▶ _Task directions_
The result should be an exact copy of the data, free of pictures.

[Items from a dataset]
··········

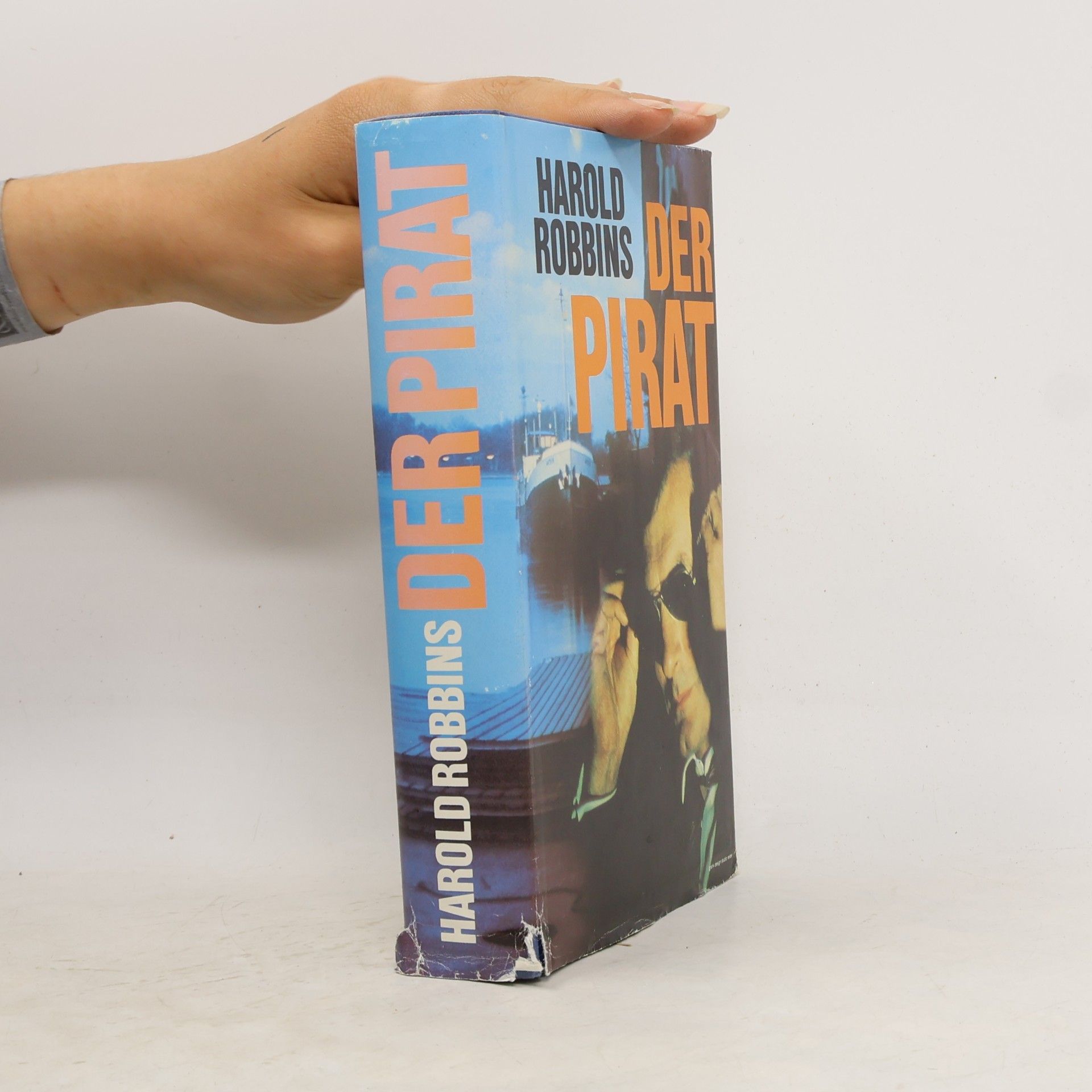 Harold Robbins Der Pirat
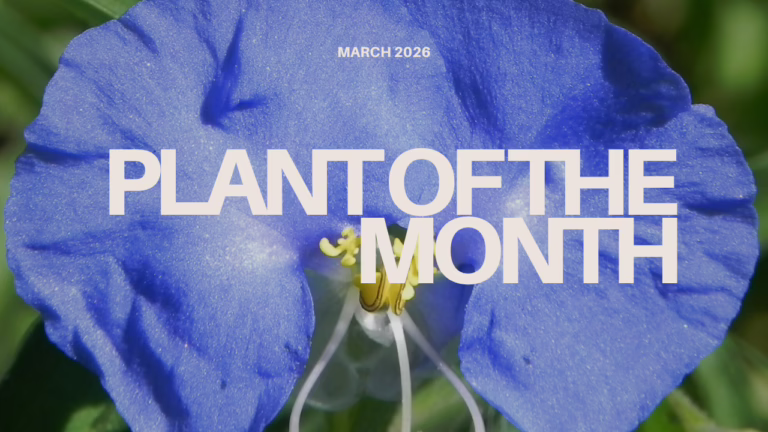 Clise up of Dayflower with text reading Plant of the Month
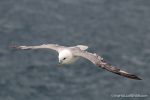 Fulmar - The Hall of Einar - photograph (c) David Bailey (not the)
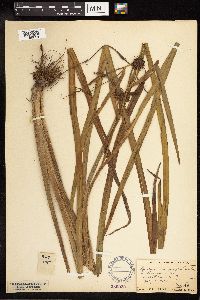 Sparganium eurycarpum image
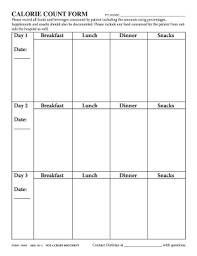food calorie chart forms and templates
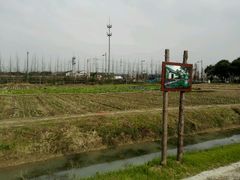 -田园东方蜜桃村的田野营地
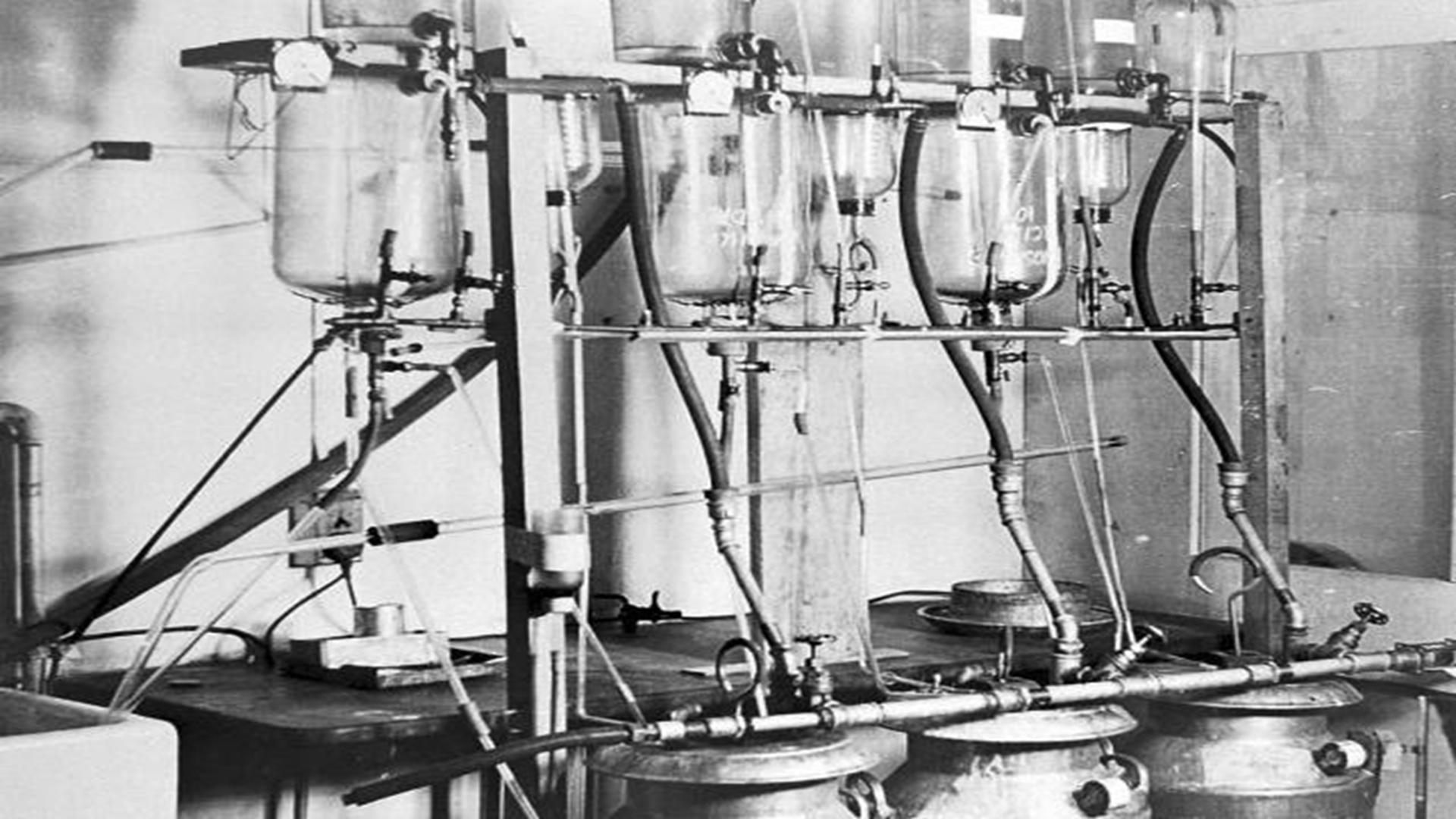 超越希波克拉底的发现，细菌的克星青霉素，历经波折终究造福人类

··········

▶ _The completed task_
 Harold Robbins Der Pirat
 Clise up of Dayflower with text reading Plant of the Month
 Fulmar - The Hall of Einar - photograph (c) David Bailey (not the)
 Sparganium eurycarpum image
food calorie chart forms and templates
 -田园东方蜜桃村的田野营地
 超越希波克拉底的发现，细菌的克星青霉素，历经波折终究造福人类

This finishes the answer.